Filme do Dia: Let Them All Talk (2020), Steven Soderbergh
Let Them All Talk (EUA, 2020). Direção,
Fotografia e Montagem: Steven Soderbergh. Rot. Original: Deborah Eisenberg. Música: Thomas Newman. Dir. de arte:
Andy Eklund & Amie English. Figurinos: Ellen Mirojnick. Com: Meryl Streep,
Candice Bergen, Gemma Chan, Dianne Wiest, Lucas Hedges, Christopher Fitzgerald,
John Douglas Thompson.
A
renomada escritora Alice Hughes (Streep), já premiada com o Pulitzer,
encontra-se ansiosa em ir receber um prêmio que ele considera mais importante
que o Pulitzer, na Inglaterra. Ela não pode, por problemas de saúde, viajar de
avião. Sua agente, Karen (Chan) consegue que ela ocupe um aposento de luxo no
transatlântico Queen Mary. Ela leva consigo duas ex-colegas de universidade,
Roberta (Bergen) e Susan (Wiest), cada uma com uma abordagem distinta para com
Alice. O sobrinho querido da autora, Tyler (Hedges) e, sem que ela saiba,
também Karen.
É
uma escolha sábia de título. E que brindará a quem sobreviver até próximo ao
final da viagem, já que não se passa incólume a evocação de 13 dias em um navio
(ainda que o navio seja um transatlântico, e não um qualquer, mas o Queen
Mary), sem grandes dramas ou fantasias. Há um momento, breve em termos
relativos, quase epifânico, em que o difícil equilíbrio de se dar voz a todos
ocorre. E quando se fala se dar voz, essa é uma metáfora para o lema de todos
possuírem suas razões, pois pensam, sentem e tiveram trajetórias de vida
diferenciadas. O que nos faz lembrar de Hannah e Suas Irmãs, filme
seminal na carreira de Allen por, pela primeira vez, conseguir algo próximo do
tipo. Não por acaso com a mesma (e maravilhosa, aparentemente sempre vivendo a
si mesma) Dianne Wiest. E envolvendo ressentimentos em relação ao mundo
ficcional de um artista. Lá de uma forma mais marginal que aqui se puxa para
centralidade. E em ambientes refinados, como habitualmente são os do célebre
realizador nova-iorquino. Infelizmente há defecções, furos na embarcação, que
se não a transformam em um Titanic, não a deixam incólume. E esses logo se
seguirão a melhor cena do filme. A que Alice chama todos para jantar. E se
escuta, como uma melodia dissonante, as três vozes (três, novamente como Hannah)

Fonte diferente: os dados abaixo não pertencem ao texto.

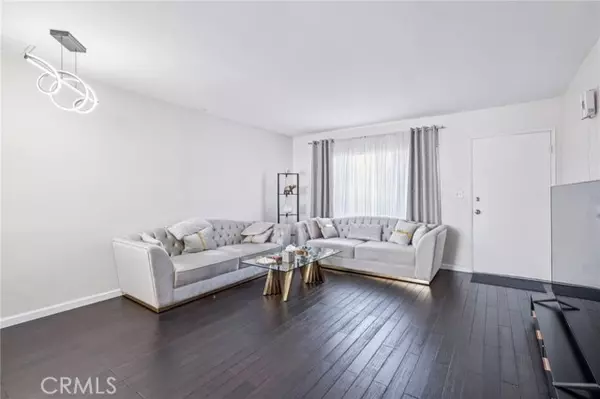 Glendale, CA 91206,312 N Louise Street #210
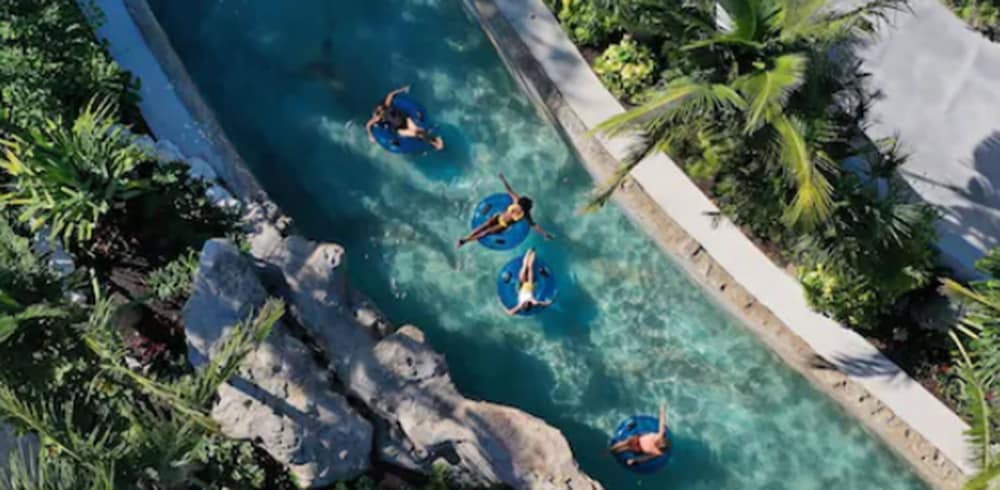 Grand Hyatt Baha Mar — Swimming pool in Nassau, New Providence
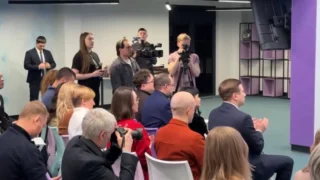 «Надо опасаться иностранных продуктов, но точно не своих» — глава региона Виталий Хоценко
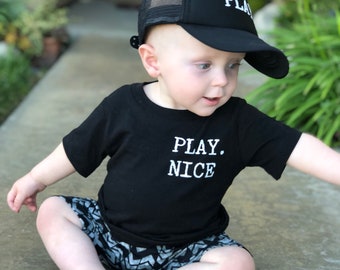 PLAY. Nice monochrome unisex tee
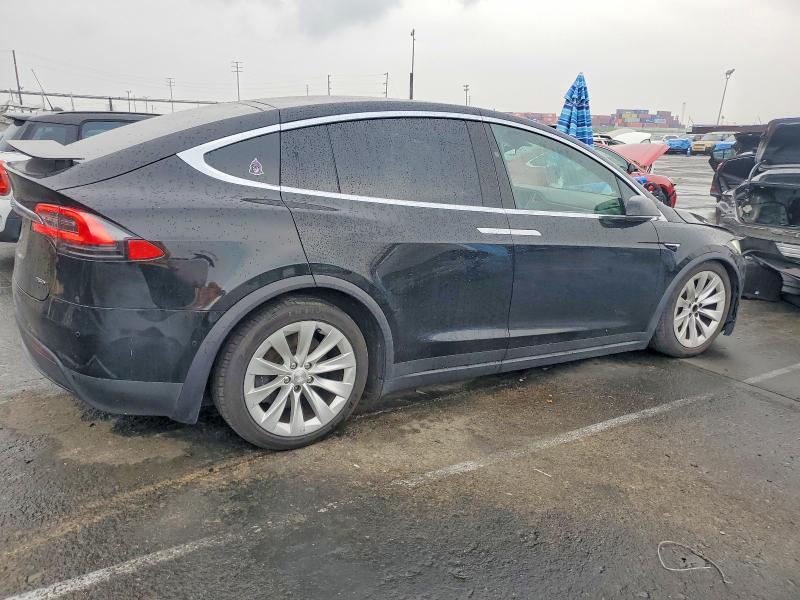 2017 Tesla Model x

cada uma falando linguagens distintas. A do amor, um pouco idealizado em Susan.
O de uma profundidade de difícil comunicação em Alice, para quem a escrita é o
passaporte no qual consegue purgar seus sentimentos, não sem antes se esforçar
intensamente em lapidá-los. E o da materialidade em Roberta. Não é pouca coisa
conseguir se matizar uma personagem que parecia tão absortamente auto-centrada
e pedante quanto Alice. Porém o reboco cairá em excesso sobre alguém até então
em equilíbrio com a respiração do filme como um todo, Roberta. E o próprio
filme se desequilibra, jogando bacia e bebê juntos no oceano da travessia
recém-finda. Nessa travessia há o momento das pequenas trivialidades do grupo
de personagens, dos quais se chega quase a indagar a determinado momento, quase
uma hora de filme transcorrido, se poderia ser trabalhado de forma mais
interessante, como em alguns filmes de Altman, que também propunha personagens
em uma situação espaço-temporal sintética (e sincrética). Há um segundo
momento, das vozes que falam. E, quando se chega ao terceiro, imagina-se que o
difícil arranjo de se trabalhar em chave dramática e cômica um tanto menor logo
abraçará clichês dramáticos, dos quais tão bem havia conseguido se desviar,
sobretudo em um filme dessa envergadura e custo. E aí apela-se para o mais roto
deles, a morte, provocando um desequilíbrio vantajoso na “beneficiada” já de
partida, mas também para uma sucessão de resoluções novelescas e chapadas, nada
próximas da vida (e da representação dessa defendida pela própria Alice).
Atualizações são necessárias no latifúndio da dramaturgia, então o amor
romântico que emerge de Tyler não encontrará porto na mais madura Karen,
desfazendo, de acordo com as sensibilidades contemporâneas, a noção da mulher
fragilizada que necessita de um varão – ainda quando esse seja tão comportado e
inseguro quanto, uma vez mais, vários personagens masculinos de Allen. Mas, por
outro lado, renderá uma das melhores falas do filme, a de Alice sobre o amor,
para o sobrinho envergonhado que lhe acabara de contar sobre a não
correspondência de Karen. E, por fim, o único personagem ao qual a bussola não
apresenta um norte imediato, seja a cova, seja projetos de publicação futuros.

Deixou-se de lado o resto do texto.